Ramble House just published The Sword of Thongor so the cover artwork isn’t available online yet. In its place, I’m providing one of my favorite Thongor covers instead. Thongor was created by Lin Carter as a Conan clone. If you’re a fan of Robert E. Howard’s barbarian, then you’ll feel right at home with the Thongor series. Like Conan, Thongor travels around getting in trouble. Plenty of sword fights and action propel the books. No doubt Robert E. Howard was the more talented writer, but Lin Carter manages to capture some of the Conan magic in his Thongor series. Robert M. Price is the executor of Lin Carter’s estate. He’s a fan of the Thongor series and decided to write a sequel. Richard A. Lupoff provides an informative Introduction. If you’re a fan of Sword & Sorcery novels, The Sword of Thongor will entertain you. GRADE: B
1. Young Thongor, by Lin Carter, Robert M. Price, and Adrian Cole (Wildside Press, 2012) (ISBN 978-1-4344-4101-0)
2. The Wizard of Lemuria (1965; revised/expanded as Thongor and The Wizard of Lemuria (1969)). In his introduction to the revised edition, “A Word from the Author”, Carter reveals that the revisions consist of restoring certain passages cut by the editor from the first edition, conforming certain portions of the book to details described in later books of the series, and adding a few thousand words of new material.
3. Thongor of Lemuria (1966; revised/expanded as Thongor and the Dragon City (1970))
4. Thongor Against the Gods (1967)
5. Thongor in the City of Magicians (1968)
6. Thongor at the End of Time (1968)
7. Thongor Fights the Pirates of Tarakus (1970)

11 thoughts on “FORGOTTEN BOOKS #397: THE SWORD OF THONGOR By Robert M. Price

  1. Jerry House

    Carter was actually a pretty good writer, but he refused to abandon his fanboy sentimentalism. As such, I can only take him in small doses, but when I do I enjoy him. His editing of Ballantine’s Adult Fantasy series, coming on the coattails of the Tolkien boom, was an important and influential step in popularizing that genre. I met him once; he seemed friendly, smart, and — need I say it? — just a tad weird.

    1. george Post author

      Jerry, I’m like you: Lin Carter in small doses. When Lin Carter edited the BALLANTINE ADULT FANTASY series, he created a whole new audience.

      1. Jim Taylor

        Try the best of the Conan stories before you give up on them. “Tower of the Elephant ” is the only Howard story I know of that is included in a college textbook “Prentice Hall Anthology of Science Fiction & Fantasy”Fritz Lieber once wrote ” The best Conan stories are Howard’s best. “The People of the Black Circle”can be
        compared without straining to the melodramas of Marlowe.
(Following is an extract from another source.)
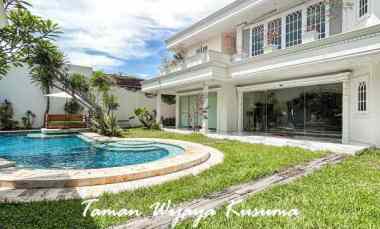 Rumah Dijual di cilandak Town Squere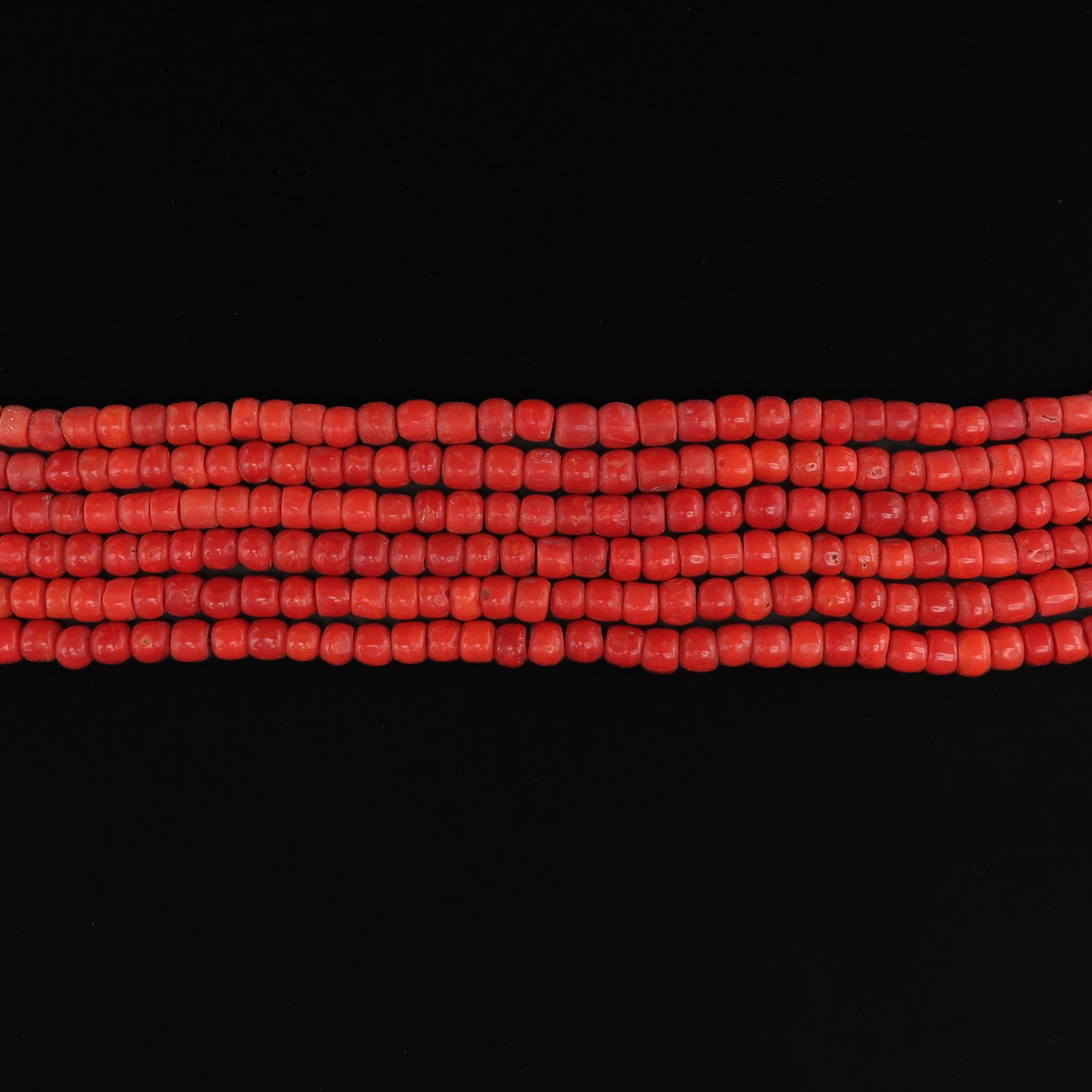 A 19th Century 6 Strand Red Coral Necklace on Gold Clasp - Bild 2 aus 4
It has
        stirring language,strong motives,awesome sorcerers,brilliant magical
        devices,sympathetic hero-villains, & a Conan subdued enough to make the outcome interesting.” After that, there’s ” Beyond the Black River” ( which will surprise you and remind you more of James Fenimore Cooper than any other Sword & Sorcery story.) You must read “A Witch Shall Be Born”- a lesser Conan story but it contains the famous crucifixion scene which was the best writing of Howard’s career ! Other of the better Conan stories are “Rogues in the House”, “Queen of the Black Coast”, “Shadows of Zamboula” with its memorable cobra dance, “Shadows in the Moonlight’ with its wooded isle of iron statues that come to life when the moon shines, “The Scarlet Citadel” with battles, rival sorcerers & a descent into hell., “The Black Colossus” with its wizard raised from the dead, seeking to revive a vanished empire & it also has the strongest openings of any of the Conan stories ( which may have inspired the opening to “Raiders of the Lost Ark”). I must also add a “lesser” Conan story , “The God In The Bowl” because it gave me the worst nightmare of my life about a snake with a human head.

      2. george Post author

        Jim, thank you for that eloquent enforcement of Robert E. Howard’s Conan stories. Even after all these years, I think they’re underrated.

  2. Carl V. Anderson

    The cover looks like the work of Vincent di Fate. Not sure if it is him or not, but I love his work.

    I agree with you and Jim, the Conan stories are very underrated and make for excellent reading. I’ll have to give this a try.